Socrates, one of the first Greek philosophers, was executed in Athens in 399BC. One of the charges in the indictment against him was that he had the power to make a weaker case seem stronger. A lawyer’s ability to take either side of a case, and in fact argue for it, fascinates me greatly. It is only through law that I will be able to develop and execute this skill.
Using the witness statements to contribute at the cross-examination of a mock case with the help of two barristers specialising in serious criminal cases was the moment that confirmed for me that I wanted to study the law follow the law and practice the law, as the winning of the prosecuting barrister was empowering. At the Young Lawyer Programme I got an insight into the life of a lawyer through interactive sessions and personal networking time with former human rights legal adviser to the current Prime Minister, and a senior commercial lawyer from a Magic Circle law firm.
Alongside my A-levels I enjoy reading about legal topics. After reading ‘Understanding EU Law’ by Adam Cygan and ‘International Law’ by Rebecca Wallace I developed an interest in soft-law making used in contemporary international relations by states and international organisations. To take this further, I listened to an Oxford podcast by Alan Boyle, a specialist in international law where he examined what encourages the use of ‘soft’ law instruments in UN law-making. I concluded that soft-law is a product of the English legal system and it should be understood, not simply dismissed as something that is not law. Thus, studying law with an international element to it would be ideal. Reading ‘Letters to a Law student’ I came across Lord Mansfield and his striking phrase, the law eventually ‘works itself pure’ of its past failures. Studying law at university will allow me to develop a practical sense of what works and what doesn’t work in ordering society linking it to current political events.

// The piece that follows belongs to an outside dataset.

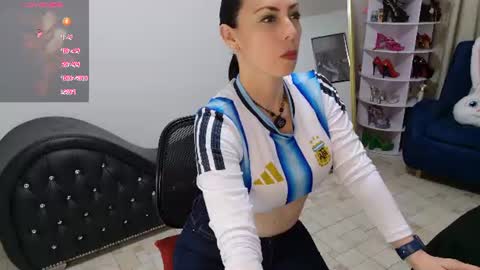 Snapshot of litas_secrets chatting on 16, 6, 2026 LITA a sexy milf online show from 16, 6, 2026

Attending a Sutton Trust Law Summer School, I had the opportunity to attend lectures and seminars giving me a taste of a law degree. Studying OAPA 1861 at college meant I was able to apply that knowledge at a seminar on the debate if Berlinah Wallace 2018 should have been convicted of murder. She was sentenced a 12-year prison sentence at the Bristol Crown Court. The following day I had the opportunity to spend a whole day at the court this important case was heard seeing the law being applied by judges in cases. Travelling to Newcastle for the summer school, I explored what studying law is like by talking to current students but also attending multiple lectures including an international politics with global economy lecture I was particularly interested in. Further, at another summer school I was able to develop my transferrable skills; I had the chance to live in halls with students from all over the country working on my communication skills.
At a Law Masterclass at the University of Cambridge last year I was firstly introduced to the concept of fault ‘culpa’ I developed an interest in by Dr Benjamin Spagnolo. I researched assessment of culpa in typical situations, as there is no generalised principle or test for this and the jurist’s treatment is casuistic. While reading ‘Studying Roman Law’ by Paul Du Plessis I came across the barber case (D. 9.2.11). In this case I concluded that culpa can be made up of range of factors. If the barber doesn’t want to be liable under the ‘lex Aquilia’ then the shop shouldn’t be set up near where people play with balls therefore preventing the killing of slaves.
Apart from my A-Level studies at college, I am part of the Aspire group where I get to debate a lot of current topics including: ‘healthcare is not a human right’. I read an article on this by Philip Barlow a consultant neurosurgeon that had a very biased view that it should not be human right using the argument that the question is not capable of definition as this topic is uncertain. Is health care a right to basic provisions such as clean water and adequate food or right to cosmic surgery and organ transplantation. Following this debate at college I wanted to explore the increasing struggles that have arisen in the last four decades at the United Nations and elsewhere who gets to define human rights in practice. By attending a debate at the University of London I was able to explore the topic of uncertainty further as philosophers and lawyers argue amongst themselves about how real human rights such as freedom from torture can be distinguished from fake ones (a right to the internet) daily.
I feel it is important to contribute to society such as having the opportunity to do pro bono work at university. Being a selected member of the school council for multiple years, a prefect and a college ambassador, I improved my communication, leadership and team working skills through responsibilities such as giving assemblies, helping at open days, organising fundraising events and leading community games for primary school students. I also have a part- time job tutoring two primary students weekly, this requires me to be organised by planning the sessions. Further, I volunteer at a language school every Saturday using my bilingual skills being a teacher assistant at a Greek GCSE class. My ability to balance all these commitments with my successful academic studies reflect how committed I am to my academic studies.
(Further international charitable activities include travelling to Attica, Greece this summer following the devastating fires to volunteer for five days at Rafina’s city hall collecting donations and advising citizens on what schemes are available for them. My family’s home was destroyed along with the other thousands of buildings. This raised my awareness of current international challenges, inspiring me to work for a global organisation such as the United Nations to be able to confront common challenges.)